Ирина прижала голову брата. Он слышал биение ее сердца через влажную ткань девичьей нагрудной занавески. На мгновение Борис позавидовал чужой искренности. Но нельзя же так! Цыпленок, доверчивый цыпленок! Унесут в гнездо, растерзают клювом и когтями безжалостные московские коршуны.
Борис блуждал взглядом в глазах сестры, будто обладали те степным простором и можно было долго скакать, отыскивая то ли, это. В открытости, сестринской любви он изыскивал расчет. Если Ирина - Годунова, она должна несказанно обрадоваться варианту, им скоро предложенному. Ум Борис ценил выше остальных добродетелей. Начал с себя. Не имевшей для него никакой цены искренностью, но важной, как он полагал, щепетильной Ирине, звал к жертвенности. Ирина и без того жизнь положила бы за брата.
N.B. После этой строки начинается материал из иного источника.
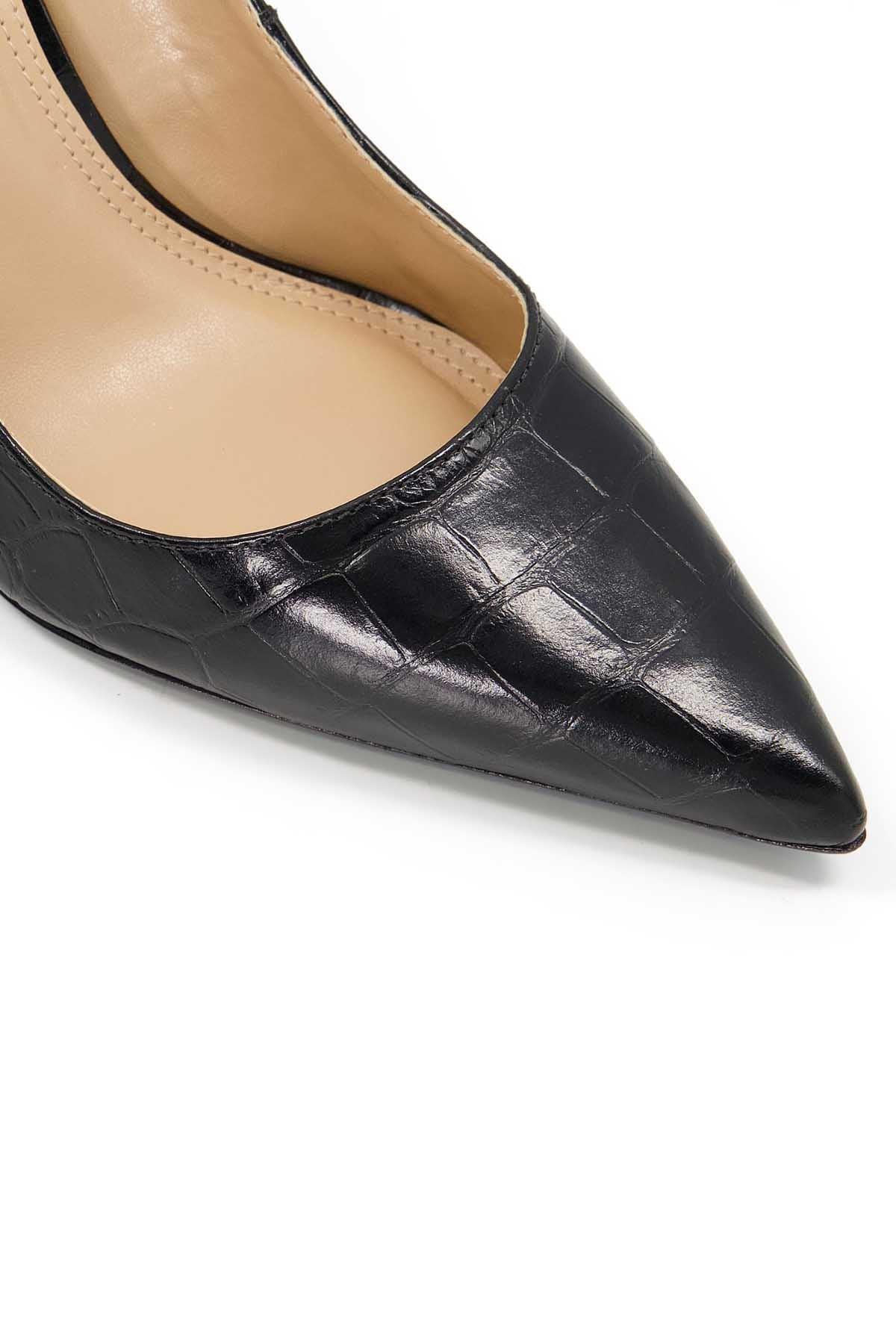 Dune London - AK Galleria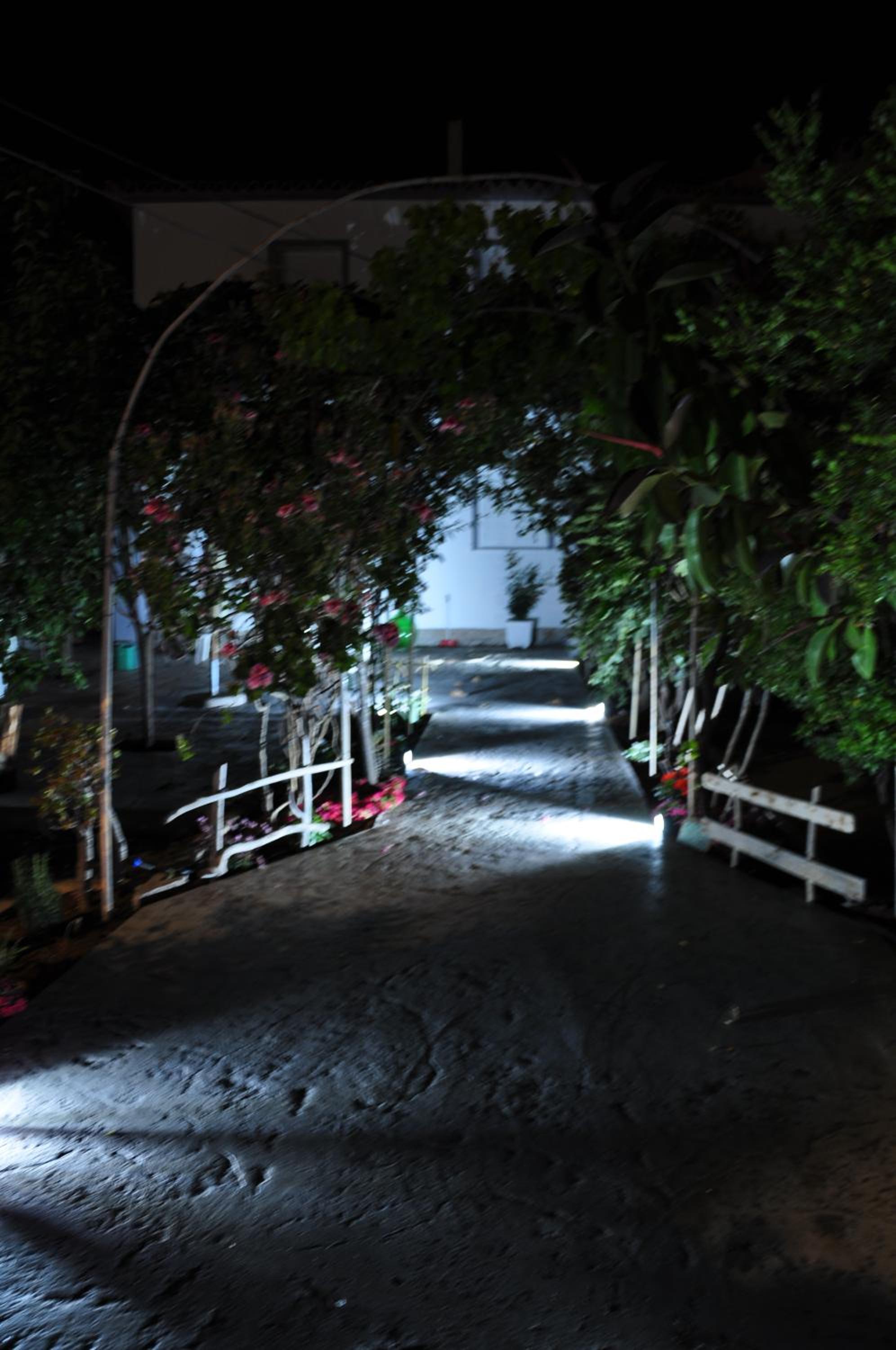 Double Room with Patio - Photo 25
– Мария Григорьевна спутала меня по рукам и ногам, - говорил Годунов чрезвычайно серьезно, только глаза на всякий случай смеялись, выработанная годами неотмываемая защита от московского придворного ехидства.
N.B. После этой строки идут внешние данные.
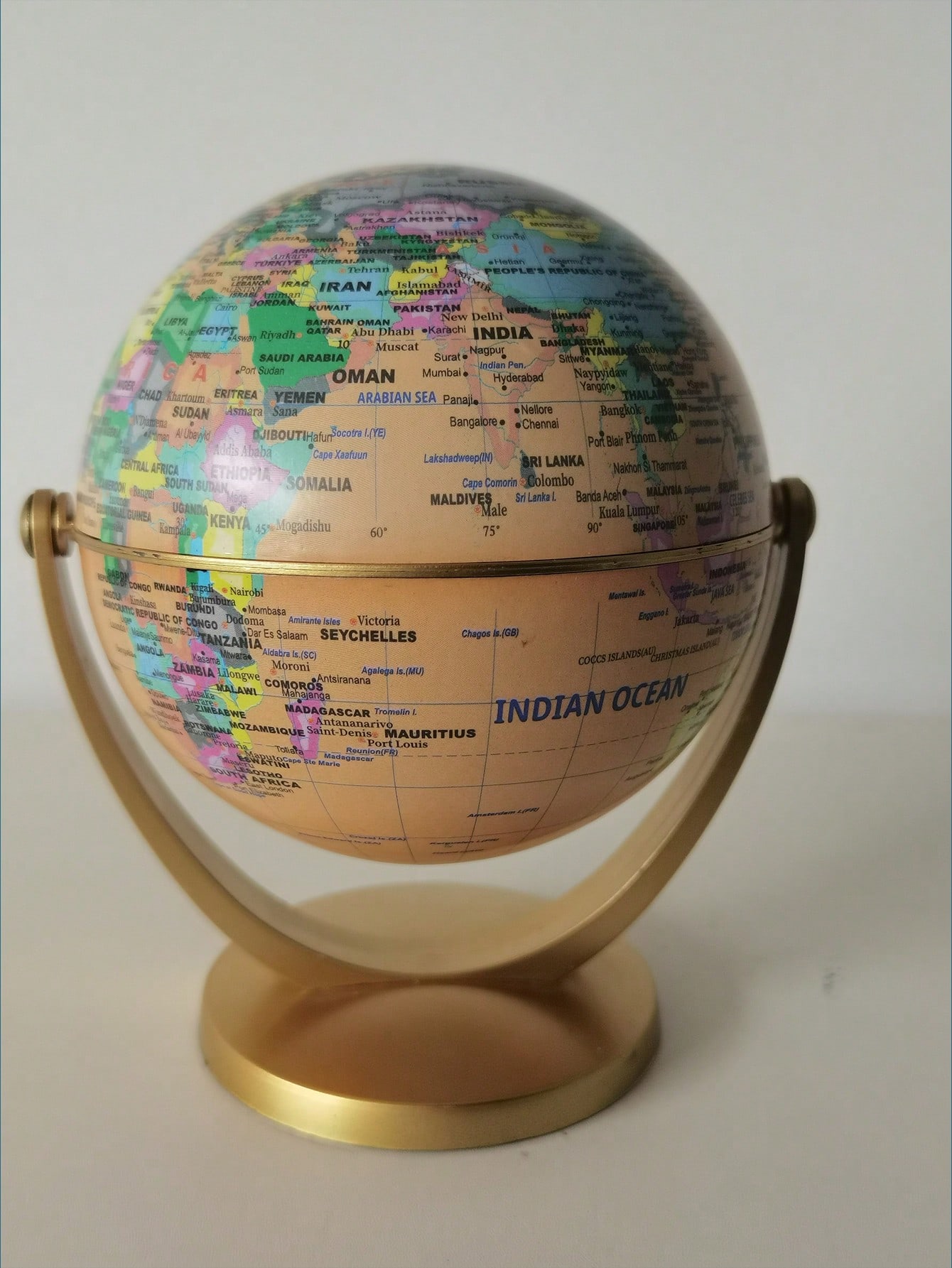 Joivida قطعة واحدة من الكرة الأرضية الطافية بطراز...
О привязанности к супруге Борис умолчал. Этим он не задавался. Там не было дивидендов. Он настраивал Ирину на принятый лад: брак – сделка, заключаемая между старшими в двух единящихся родах, где мнение молодых – последнее. Иное дело, что выгода Бориса в предстоящем деле была очевидна, для противной же стороны - сомнительна.
С болезненной и все нарастающей откровенностью, по мере убеждения в жадном отзывчивом восприятии слушательницы, Борис выложил, как брак его перестал быть полезным по смерти Малюты. Ирину не удивилась рассужденьям, пронизанным материальным. Ей ли не знать о практичности брата! Помимо накоплений предков, эта практичность и обеспечивала достаток, с которого Ирина жертвовала в монастыри и на странниц. Однако от младых ногтей в ней жила истина: супружеские узы - навсегда. Обиход царя, старшего царевича, многих из знати вопияла морали, но не ждет ли их потустороннее божеское отмщение? Брат не пойдет по златым выморочным стопам, да такому мелкому, как он, и не дозволят. Смертные грехи – не привилегия ли помазанников? Зачем горевать о том, чего не изменить? Венчался с Марией – живи. Недавно брак с дочерью всесильного параксилиарха был верхом мечтаний Бориса. Ирина вспомнила умиленного Годунова, когда архиерей вел его с Марией вел вокруг аналоя в Успенском соборе. Молодые цепко ухватились за рушник под проникновенное пение хора и гордо поглядывали на завистливую знать. Тогда Годунов был победителем, обидно недолго, и вот брат укорял промысел, горевал, и как! Жена называлась жерновом, привязанным к ногам. По гибели отца Мария стала бесполезной в продвижении супруга. Ирина подмечала, как тупился Борис, смотреть не решался на Марию, скрывая снедавшие его мысли. Мария возмущала супруга, как возмущает извилистый весенний поток огромный камень, неожиданно вставший поперек русла. Вода бьется, кипит, кидается на один берег, другой, старается перескочить валун сверху, подрыть снизу, а он крепок, велик, нет ему обхода.